A Roma – ma non solo ormai – è una vera e propria emorragia, oltre cinquanta i cinema che hanno definitivamente abbassato le saracinesche negli ultimi trent’anni. E, ragionandoci sopra, pare davvero impossibile contestare la frase a effetto di Tornatore: quando un cinema – ma pure un teatro (e anche per i palcoscenici i numeri sono impietosi) – chiude, ogni comunità registra una sconfitta culturale e sociale.
 
Il Quirinale era uno dei cinema più ammirati di Roma, posizionato nella centralissima via Nazionale. Proiettava films che duellavano per gli Oscar.

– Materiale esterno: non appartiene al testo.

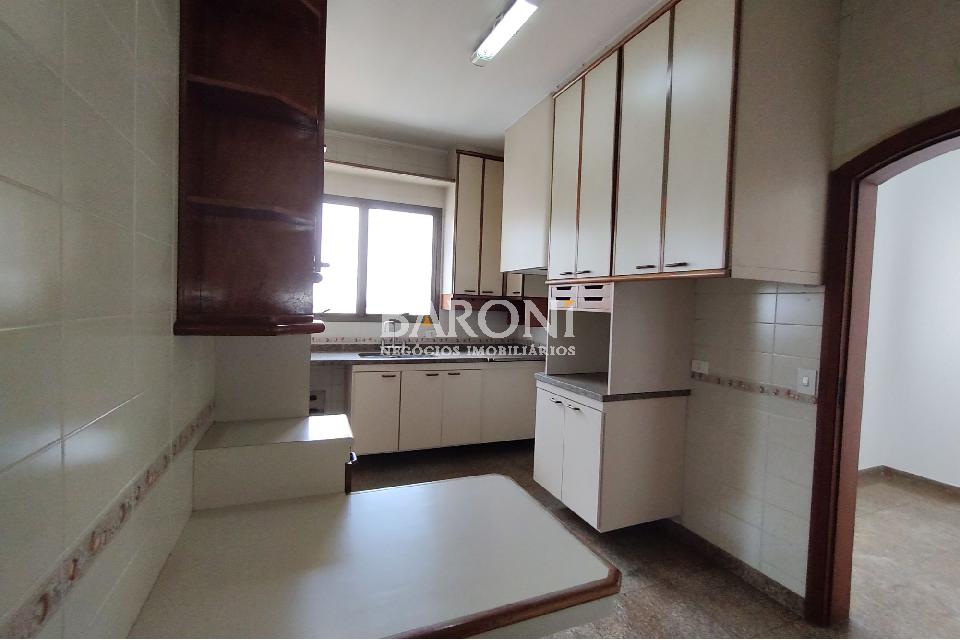 Apartamento - Campo Belo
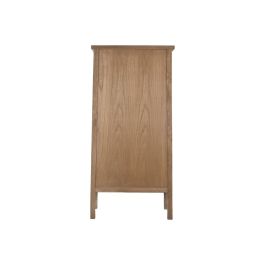 Armario Item Home DKD Home Decor Natural 42 x 189 x 92 cm Armario Item Home DKD Home Decor Natural 42 x 189 x 92 cm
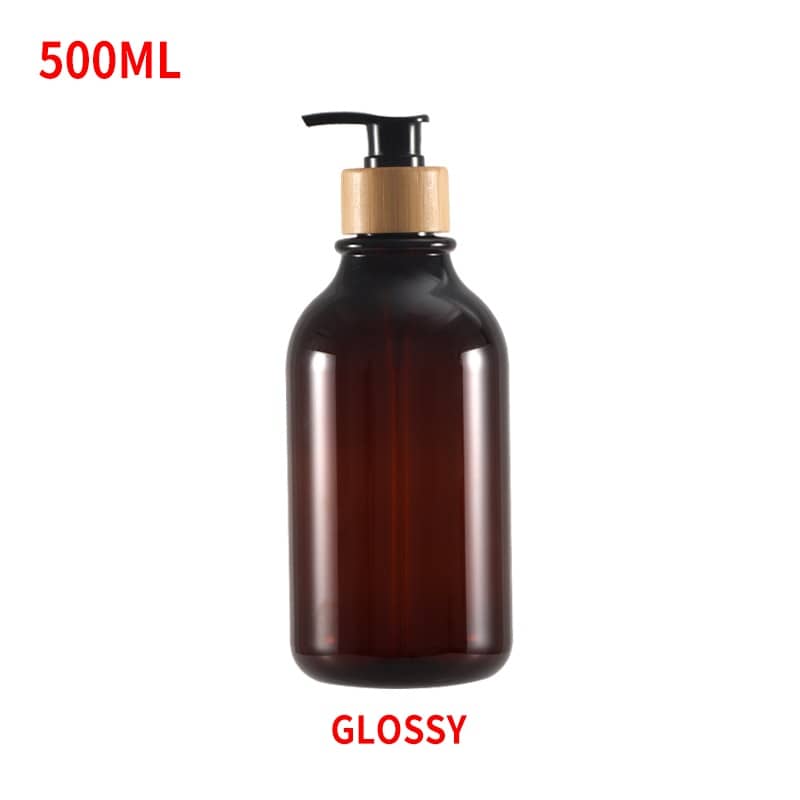 Brown(Glossy)-500ml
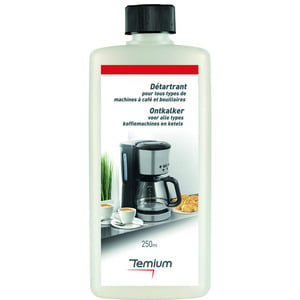 Dtartrant TEMIUM UNIVERSAL DESCALER 250ML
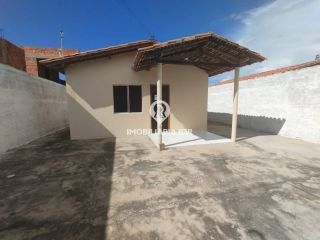 CASA - SIMPLÍCIO DIAS, PARNAÍBA (PI)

Si è gradualmente avvitato su se stesso: perché la vita, in fondo, è cambiata.
 
E se, fino a quindici-venti anni fa, il venerdì e il sabato sera un quarto di città usciva per divagarsi, oggi, nel 2015, il quadro è desolante. Un italiano su due stenta ad arrivare alla fine del mese, i conti delle famiglie sono tragici e pensare di andare al cinema almeno due-tre volte al mese è diventata un’autentica impresa.
 
Colpa della crisi economica imperante, ovvio, ma pure dell’invasione delle Tv, digitali (e quindi gratuite) ma pure commerciali, quelle che operano sulle piattaforme pay. Ti siedi sul sofà di casa, accendi il televisore e hai un’ampia scelta, ogni sera, di almeno quaranta films. Insomma, l’attesa per un film proveniente da Hollywood è gradualmente scemata. Hanno chiuso cinema del centro o sale della periferia.
 
Qui, al loro posto, sono nati come funghi sale per scommesse, altro triste fenomeno italiano del momento. Vista la crisi che non accenna a passare, con un budget giornaliero di otto-dieci euro si tenta la sorte. Lo fanno giovani, pensionati, disoccupati.
 
Quanto costa un biglietto oggi per vedere un film? Sette euro, con un supplemento per le multisale. Pure loro però non se la passano granché bene. Ci sono costi fissi da coprire e gli incassi talvolta non bastano. Qui pure basta fare due conti: se vai al cinema con la famiglia intera spendi quasi quaranta euro di biglietto. A cui sommi (dazio a cui tutti ci sottoponiamo) patatine e bibite per i più piccoli. Magari pure il ticket per posteggiare. Insomma, un pomeriggio che – qualche anno fa – avresti messo volentieri in preventivo, oggi, con l’inflazione galoppante, si tramuta in un piccolo salasso.
 
Sono in crisi pure le sale che diffondevano films porno. Ci sono cinema che hanno chiuso nel 2012 (come il Gregory, in zona Vaticano, ultimo film trasmesso ‘Men in black 3’, con Will Smith) e ancora non sono stati riciclati. Per molte sale ci sono progetti di riconversione: si pensa, ad esempio, di riciclarli in biblioteche, centri congressi, sale di lettura.
 
Poi, davanti a pure condivisibili auspici, ci si blocca. Perché i proprietari non vogliono investire e ci pensano mille volte prima di imbarcarsi in altre avventure. Con il rischio che qualche cinema diventi – come è accaduto – il ripostiglio per motorini abbandonati.